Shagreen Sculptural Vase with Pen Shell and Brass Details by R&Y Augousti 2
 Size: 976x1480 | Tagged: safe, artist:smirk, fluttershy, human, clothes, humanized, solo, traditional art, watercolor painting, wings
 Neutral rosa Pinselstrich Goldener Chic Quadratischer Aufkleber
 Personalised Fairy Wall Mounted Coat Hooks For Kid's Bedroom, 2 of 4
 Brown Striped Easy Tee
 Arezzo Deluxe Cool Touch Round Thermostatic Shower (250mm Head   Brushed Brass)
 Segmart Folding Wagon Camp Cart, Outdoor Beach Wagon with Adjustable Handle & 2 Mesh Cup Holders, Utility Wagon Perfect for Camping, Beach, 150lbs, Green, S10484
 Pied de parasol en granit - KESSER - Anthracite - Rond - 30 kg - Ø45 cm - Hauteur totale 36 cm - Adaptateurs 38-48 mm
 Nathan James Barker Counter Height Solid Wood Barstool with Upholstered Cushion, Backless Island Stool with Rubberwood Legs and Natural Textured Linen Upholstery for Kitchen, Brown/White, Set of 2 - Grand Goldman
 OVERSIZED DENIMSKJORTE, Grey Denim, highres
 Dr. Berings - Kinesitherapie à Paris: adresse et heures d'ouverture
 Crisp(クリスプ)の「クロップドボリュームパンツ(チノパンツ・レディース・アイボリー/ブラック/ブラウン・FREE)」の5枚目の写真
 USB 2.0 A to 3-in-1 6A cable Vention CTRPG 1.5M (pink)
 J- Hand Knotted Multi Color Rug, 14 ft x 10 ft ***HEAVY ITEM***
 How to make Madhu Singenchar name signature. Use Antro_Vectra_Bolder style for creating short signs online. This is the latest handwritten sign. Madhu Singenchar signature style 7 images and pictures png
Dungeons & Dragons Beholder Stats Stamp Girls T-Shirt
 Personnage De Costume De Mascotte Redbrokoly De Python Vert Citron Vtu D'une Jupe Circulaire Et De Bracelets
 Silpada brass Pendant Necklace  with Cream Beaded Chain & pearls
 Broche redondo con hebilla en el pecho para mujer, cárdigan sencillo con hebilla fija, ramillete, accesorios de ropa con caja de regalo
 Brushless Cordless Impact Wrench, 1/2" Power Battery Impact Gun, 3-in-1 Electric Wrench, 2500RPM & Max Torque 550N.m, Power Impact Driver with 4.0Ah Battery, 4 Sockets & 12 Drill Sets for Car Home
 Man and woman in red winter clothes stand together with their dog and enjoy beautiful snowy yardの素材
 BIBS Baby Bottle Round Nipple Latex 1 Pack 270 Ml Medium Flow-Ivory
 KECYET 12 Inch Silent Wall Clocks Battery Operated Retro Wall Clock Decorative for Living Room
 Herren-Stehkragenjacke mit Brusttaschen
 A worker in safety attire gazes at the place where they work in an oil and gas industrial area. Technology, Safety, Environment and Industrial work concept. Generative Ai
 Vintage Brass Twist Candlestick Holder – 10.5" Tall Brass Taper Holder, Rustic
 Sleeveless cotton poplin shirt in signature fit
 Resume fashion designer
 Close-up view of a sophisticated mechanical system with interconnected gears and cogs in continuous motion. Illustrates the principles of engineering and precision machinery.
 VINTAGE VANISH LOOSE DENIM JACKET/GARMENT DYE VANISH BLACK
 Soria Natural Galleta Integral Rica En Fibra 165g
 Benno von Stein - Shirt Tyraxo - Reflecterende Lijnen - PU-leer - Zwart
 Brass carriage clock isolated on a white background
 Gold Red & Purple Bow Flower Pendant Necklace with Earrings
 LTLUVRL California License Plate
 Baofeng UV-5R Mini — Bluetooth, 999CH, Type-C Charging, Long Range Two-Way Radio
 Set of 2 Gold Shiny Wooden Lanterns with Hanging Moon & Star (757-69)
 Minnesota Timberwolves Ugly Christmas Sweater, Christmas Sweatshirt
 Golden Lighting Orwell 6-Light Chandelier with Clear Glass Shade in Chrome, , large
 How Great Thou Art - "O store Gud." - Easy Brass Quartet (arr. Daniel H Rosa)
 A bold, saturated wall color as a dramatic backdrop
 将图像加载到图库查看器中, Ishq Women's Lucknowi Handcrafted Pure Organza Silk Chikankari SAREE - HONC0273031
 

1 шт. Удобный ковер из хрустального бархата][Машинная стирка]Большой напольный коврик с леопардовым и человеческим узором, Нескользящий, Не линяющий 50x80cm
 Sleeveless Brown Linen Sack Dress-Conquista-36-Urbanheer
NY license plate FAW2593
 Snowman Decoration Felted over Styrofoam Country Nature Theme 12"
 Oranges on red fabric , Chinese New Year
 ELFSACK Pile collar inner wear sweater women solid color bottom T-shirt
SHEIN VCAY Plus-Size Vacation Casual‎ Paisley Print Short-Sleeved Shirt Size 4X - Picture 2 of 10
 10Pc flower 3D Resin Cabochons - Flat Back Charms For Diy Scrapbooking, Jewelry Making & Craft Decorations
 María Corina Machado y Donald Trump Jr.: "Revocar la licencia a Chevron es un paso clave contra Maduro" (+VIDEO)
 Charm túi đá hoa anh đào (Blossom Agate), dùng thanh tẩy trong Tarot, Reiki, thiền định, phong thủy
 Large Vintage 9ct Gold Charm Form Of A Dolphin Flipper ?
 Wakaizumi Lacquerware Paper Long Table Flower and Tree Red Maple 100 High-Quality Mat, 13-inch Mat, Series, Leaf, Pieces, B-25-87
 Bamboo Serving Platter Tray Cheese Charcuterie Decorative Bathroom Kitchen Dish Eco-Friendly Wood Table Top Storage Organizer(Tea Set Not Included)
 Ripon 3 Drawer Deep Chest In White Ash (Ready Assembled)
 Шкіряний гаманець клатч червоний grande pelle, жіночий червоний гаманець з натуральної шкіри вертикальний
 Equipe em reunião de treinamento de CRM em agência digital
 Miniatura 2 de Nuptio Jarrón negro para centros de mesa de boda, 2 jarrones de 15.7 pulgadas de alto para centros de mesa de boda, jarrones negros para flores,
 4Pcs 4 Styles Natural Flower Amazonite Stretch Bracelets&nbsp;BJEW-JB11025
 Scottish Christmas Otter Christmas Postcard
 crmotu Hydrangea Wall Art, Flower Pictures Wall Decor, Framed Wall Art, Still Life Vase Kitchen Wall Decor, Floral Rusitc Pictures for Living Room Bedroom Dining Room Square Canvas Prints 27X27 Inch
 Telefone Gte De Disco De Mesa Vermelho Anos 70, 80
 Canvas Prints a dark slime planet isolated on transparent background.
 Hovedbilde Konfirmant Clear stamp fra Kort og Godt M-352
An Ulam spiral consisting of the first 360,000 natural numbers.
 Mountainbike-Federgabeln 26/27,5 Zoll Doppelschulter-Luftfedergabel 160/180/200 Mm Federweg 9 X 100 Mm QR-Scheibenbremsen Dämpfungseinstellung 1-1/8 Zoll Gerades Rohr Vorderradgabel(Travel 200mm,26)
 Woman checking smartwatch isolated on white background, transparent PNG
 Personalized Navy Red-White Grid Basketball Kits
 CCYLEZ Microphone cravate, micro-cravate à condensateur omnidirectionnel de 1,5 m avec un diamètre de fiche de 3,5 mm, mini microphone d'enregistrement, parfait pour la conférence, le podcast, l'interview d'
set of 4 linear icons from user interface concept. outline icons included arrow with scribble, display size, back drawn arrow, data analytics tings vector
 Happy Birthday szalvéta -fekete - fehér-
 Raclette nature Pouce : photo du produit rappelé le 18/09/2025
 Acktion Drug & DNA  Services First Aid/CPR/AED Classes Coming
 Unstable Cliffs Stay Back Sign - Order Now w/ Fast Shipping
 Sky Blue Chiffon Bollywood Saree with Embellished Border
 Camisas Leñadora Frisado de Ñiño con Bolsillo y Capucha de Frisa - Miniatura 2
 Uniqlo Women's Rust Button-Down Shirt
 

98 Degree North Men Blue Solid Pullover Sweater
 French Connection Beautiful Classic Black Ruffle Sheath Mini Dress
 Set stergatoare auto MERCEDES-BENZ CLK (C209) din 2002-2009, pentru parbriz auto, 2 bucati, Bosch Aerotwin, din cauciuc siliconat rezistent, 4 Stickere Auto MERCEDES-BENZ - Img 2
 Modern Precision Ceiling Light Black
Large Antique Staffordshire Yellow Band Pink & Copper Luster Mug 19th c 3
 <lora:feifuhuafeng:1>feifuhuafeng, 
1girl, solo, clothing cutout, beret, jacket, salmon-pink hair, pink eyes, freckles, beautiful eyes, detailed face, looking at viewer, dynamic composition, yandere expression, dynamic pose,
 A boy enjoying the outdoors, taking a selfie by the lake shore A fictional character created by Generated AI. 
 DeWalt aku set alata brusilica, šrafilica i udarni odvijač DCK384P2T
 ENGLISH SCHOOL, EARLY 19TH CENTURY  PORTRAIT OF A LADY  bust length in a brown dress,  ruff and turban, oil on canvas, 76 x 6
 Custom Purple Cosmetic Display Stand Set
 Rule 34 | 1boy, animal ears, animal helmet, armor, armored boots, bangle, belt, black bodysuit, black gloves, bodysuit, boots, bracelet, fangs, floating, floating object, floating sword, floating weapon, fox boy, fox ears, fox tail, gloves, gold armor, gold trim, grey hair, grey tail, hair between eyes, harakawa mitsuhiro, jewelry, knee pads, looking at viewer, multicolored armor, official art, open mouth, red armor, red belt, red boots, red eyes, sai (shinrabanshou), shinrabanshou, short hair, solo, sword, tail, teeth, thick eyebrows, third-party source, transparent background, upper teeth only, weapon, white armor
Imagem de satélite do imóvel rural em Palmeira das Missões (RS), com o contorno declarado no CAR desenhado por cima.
※ ※ ※
▶ Work to be completed:
The answer should consist solely of the lines from the first line above through the one with "Neutral rosa Pinselstrich", both included, repeated exactly.

▶ Exercise output:
Shagreen Sculptural Vase with Pen Shell and Brass Details by R&Y Augousti 2
 Size: 976x1480 | Tagged: safe, artist:smirk, fluttershy, human, clothes, humanized, solo, traditional art, watercolor painting, wings
 Neutral rosa Pinselstrich Goldener Chic Quadratischer Aufkleber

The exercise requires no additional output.